For many commentators, a class action settlement that awards more to the class counsel than the class members is questionable on its face. But the Ninth Circuit recently allowed such an award in the Nutella false advertising class settlement. In re: Ferrero Litigation, No. 12-56469 (9th Cir. July 16, 2014) (Get decision here).
The Nutella settlement arises from claims that Defendant falsely advertised Nutella as healthy. The class settlement consisted of a $550,000 monetary fund and injunctive relief requiring the company to change its advertising and report additional nutritional information on the Nutella label. The attorneys’ fees in the case — $985,920 — far exceeded the monetary fund, leading to objections to the settlement on that basis.
In affirming the fee award, the Ninth Circuit recognized that the fees were not the more typical 25 percent of the class award, but held that the fees were borne out under the “lodestar” method of calculating fees, which looks at fees based on attorney hours spent on a matter, multiplied by rates. Significantly, there was no objection to the number of hours spent or the rates. In addition, the Ninth Circuit held that the injunctive relief obtained was substantial, further justifying the fee, and there was no indication of collusion.
What to make of the decision?
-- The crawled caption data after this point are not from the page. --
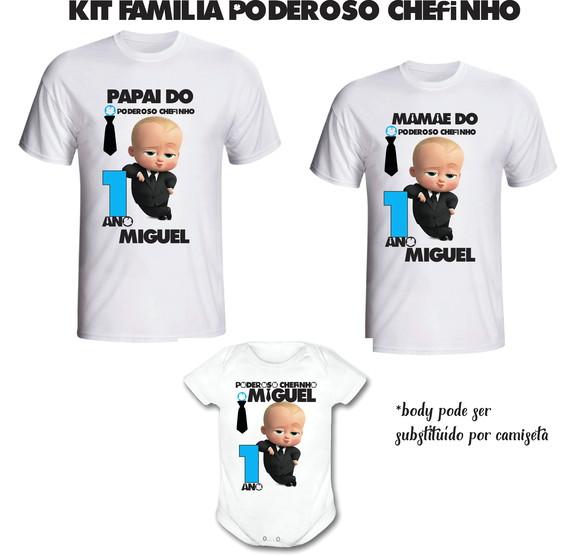 Camiseta Poderoso Chefinho Kit /02 Camisetas e Body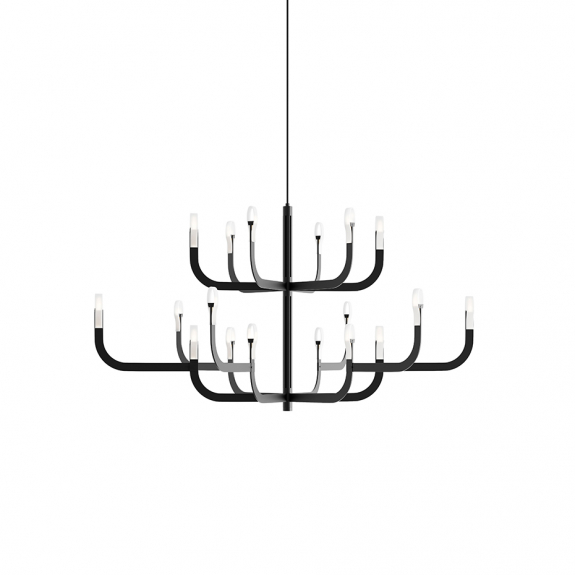 J-us Configuration G Ljuskrona Matt Black i gruppen Belysning / Inomhus / Ljuskronor hos Växjö Elektriska (A09-G-2T001)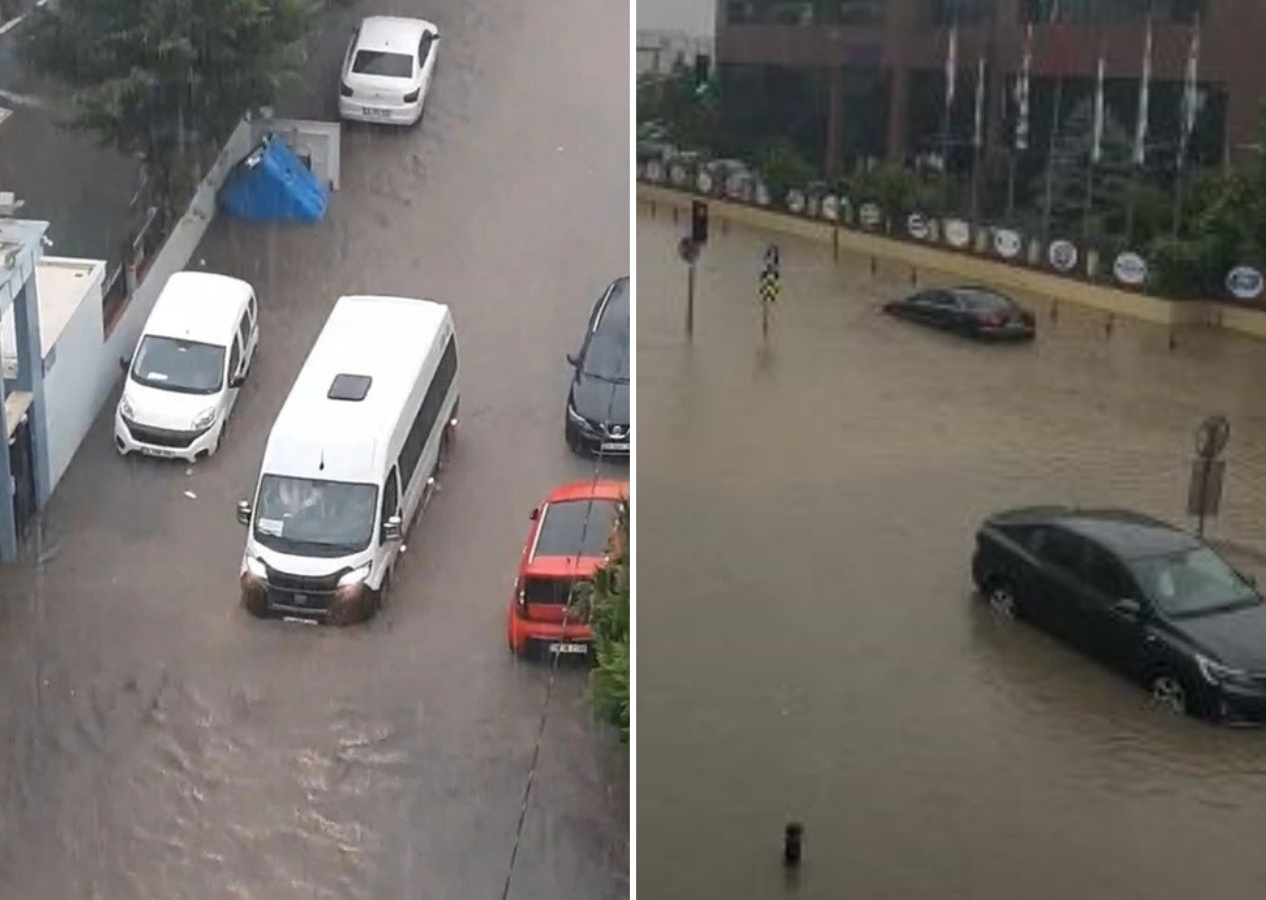 İstanbul Anadolu Yakası'nda sağanak yağış etkisini artırdı! Pendik'te birçok yeri su bastı...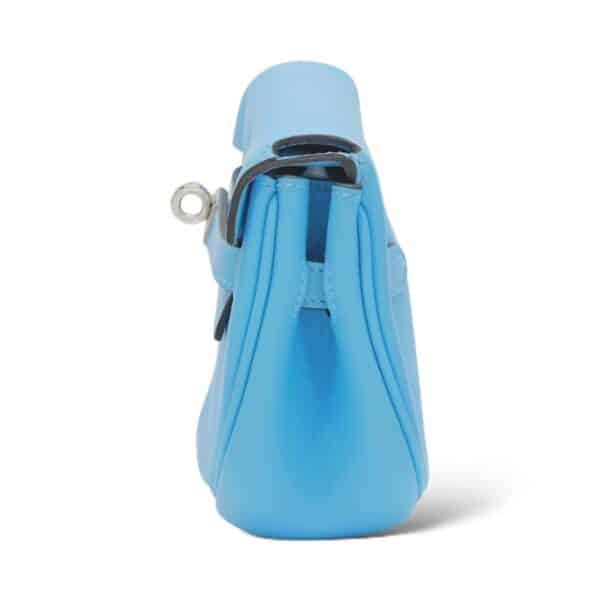 Hermes Kelly Moove Bleu Celeste Swift PHW - Image 3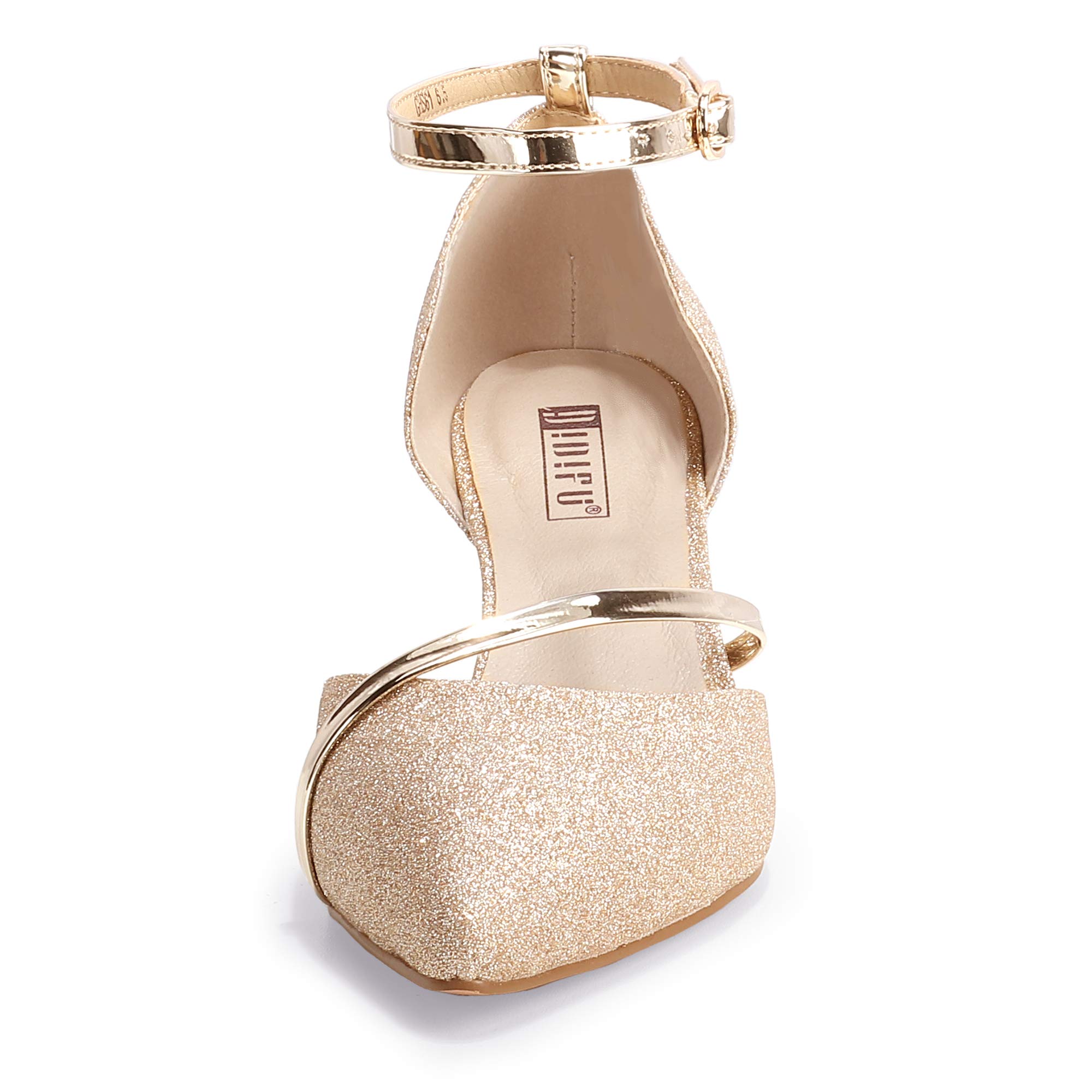 IDIFU Women's IN2 Maxine Low Kitten Heels - Elegant Closed Toe Dress Pumps for Wedding, Evening & Formal Occasions - Perfect for Brides, Prom & Special Events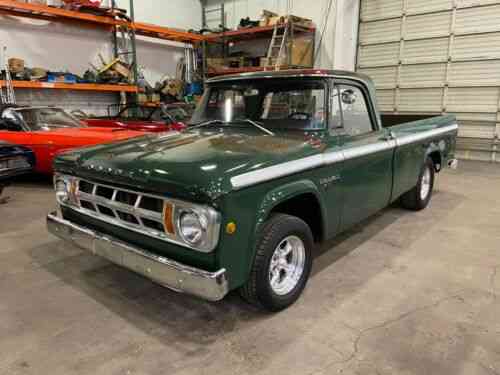 Dodge D100 Custom Original Patina Paint New Interior: Used Classic Cars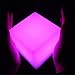 Produktbild Paddia Kreative ABS Wiederaufladbare Magie Led Light Cube Hocker Mit Fernbedienung Cube Ottoman Bar Stuhl 16 Dimmbare Farben & 4 Modi Fuß Hocker Spaß Stimmung Licht Lampe - Kinder Sicher, Ungiftig, Ke
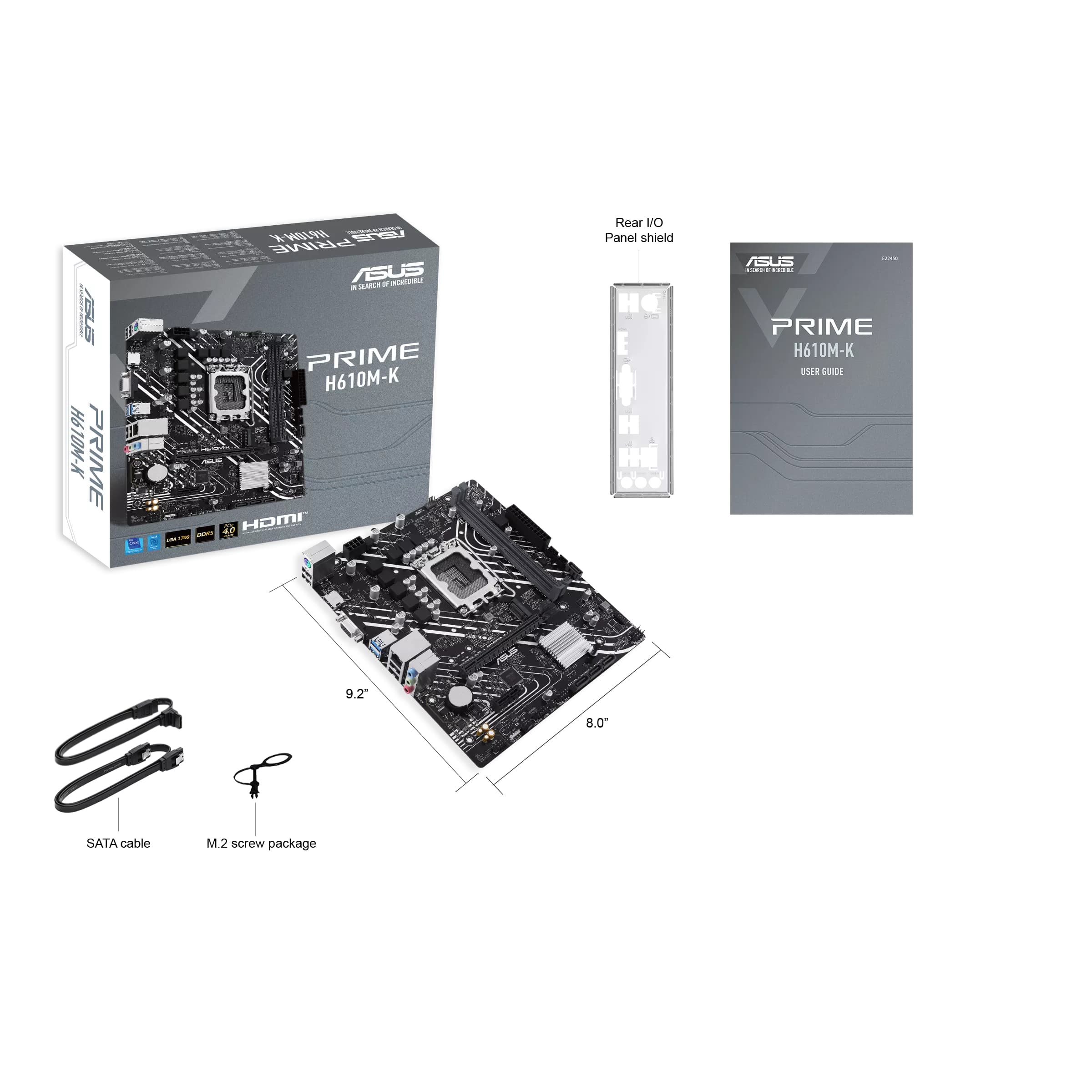 Motherboard Asus Prime H610M-K Socket 1700 DDR5 - Image 8
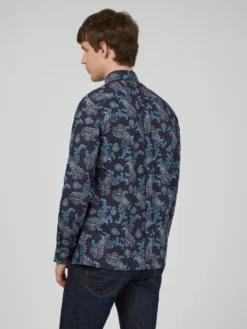 Baird Large Paisley Print Long-Sleeve Shirt - Marine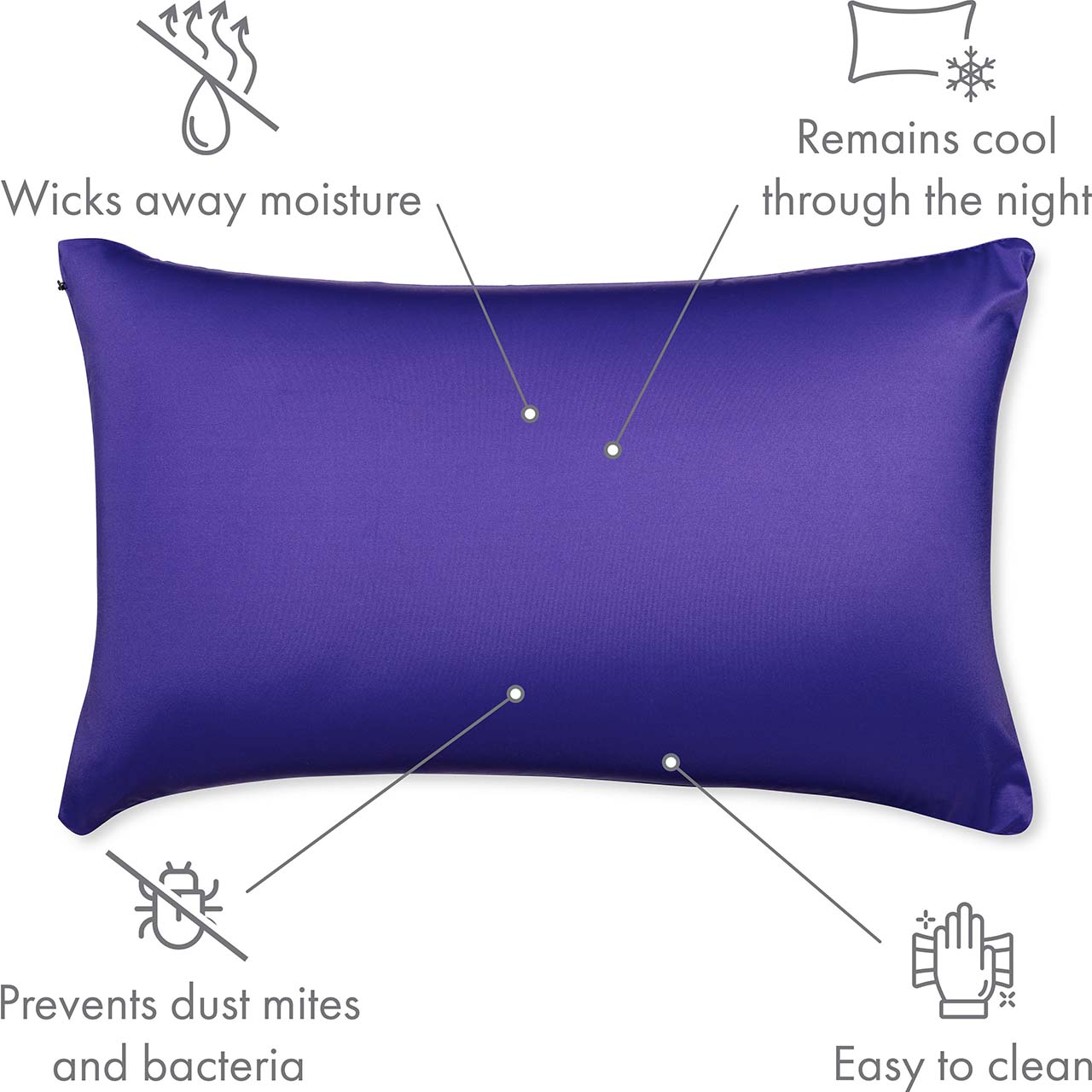 Pillow & Cover / Dark Lavendar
While at first blush it is surprising to see fees that exceed a class award approved, one can see courts approving such fees under the circumstances here. After all, why would counsel bring cases that offer mostly injunctive relief if they could not make back their investment? Thus, to the extent courts want to promote class actions (or, more specifically, class settlements), the affirmance makes sense. For those who want to question such fees in the future, the clear message from the Ninth Circuit is that any such objection should specifically question the hours and the rates used to calculate the fee.